With BBQ season around the corner we wanted to share some information about E.coli and ground beef.
Outbreaks of E.coli have been associated with eating undercooked hamburgers, raw sprouts, or basically anything grown in contaminated water or soils.
In January 1993 there was an uncommonly high incidence of hemolytic uremic syndrome (HUS) among Seattle-area children. It traced the source of their illnesses back to E. coli O157: H7 bacteria that had contaminated hamburger patties sold at area Jack in the Box restaurants.
In the following weeks, Idaho, California, and Nevada reported numerous cases of E. coli infection among residents that had eaten at Jack in the Box restaurants. The scope of the outbreak widened.
Ultimately, 73 different Jack in the Box locations were linked to the E. coli outbreak. The bacteria sickened over 700 people in four states (602 of them from Washington) and led to 171 hospitalizations and 4 deaths.
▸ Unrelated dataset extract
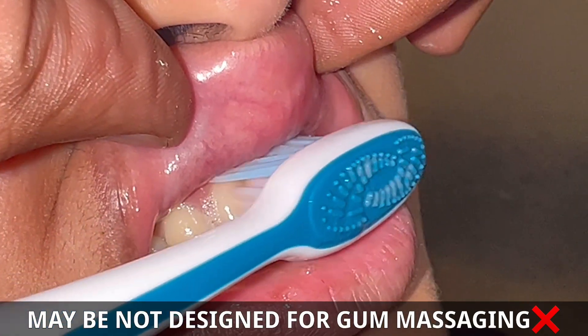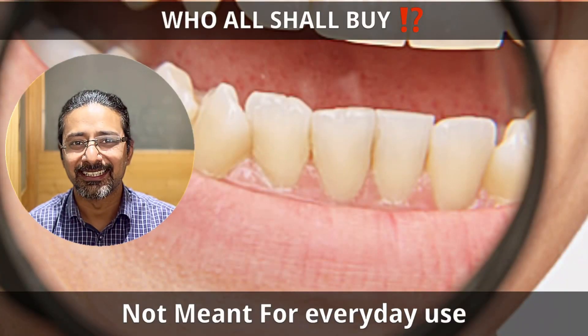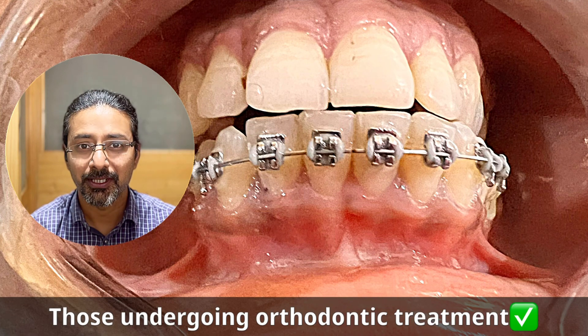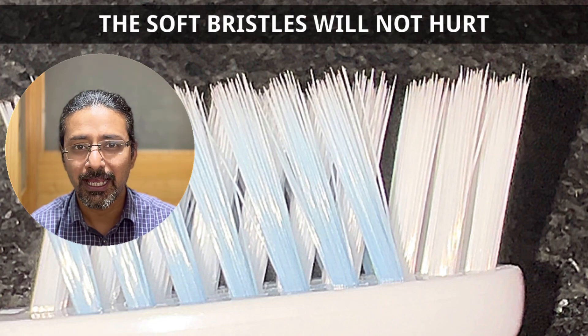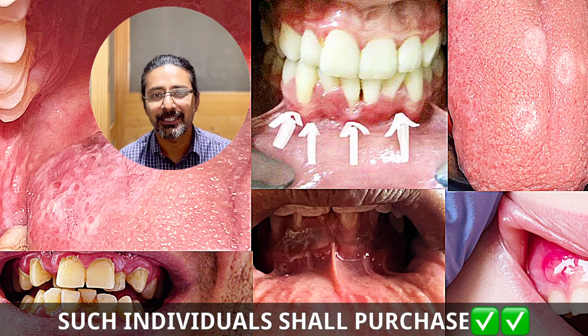Please make sure you do not attempt gum massaging at home at any cost — you might convert your healthy gums into bleeding gums. Are you planning to buy these? Listen to this first. All those who have undergone orthodontic treatment, or oral surgeries namely extractions, endodontic surgeries, or periodontal flap surgeries — these soft bristles will not hurt and will clean effectively. Individuals suffering from oral lesions, blisters, gingivitis, periodontitis, malignancies, sensitivity issues, or malocclusions where food accumulates in between teeth — these are the individuals who should buy these soft bristled toothbrushes.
The investigation into the outbreak eventually identified five slaughterhouses in the United States and one in Canada as possible sources of the bacteria, but the exact source of the contaminated meat, produced by the Von Corporation of California, was never pinpointed.
Further investigation revealed that Foodmaker, Inc., parent company of Jack in the Box, had been warned by local health departments and its own employees that its hamburgers were being undercooked, but had decided that cooking them to the required 155 degrees made them too tough.
For more about Jack in The Box click here
So what is a safe cooking temperature for ground beef?
It is important to cook hamburger made from ground beef fully to a minimum temperature of 71c. Products mixed with ground beef, such as lasagne, should be cooked to 74c.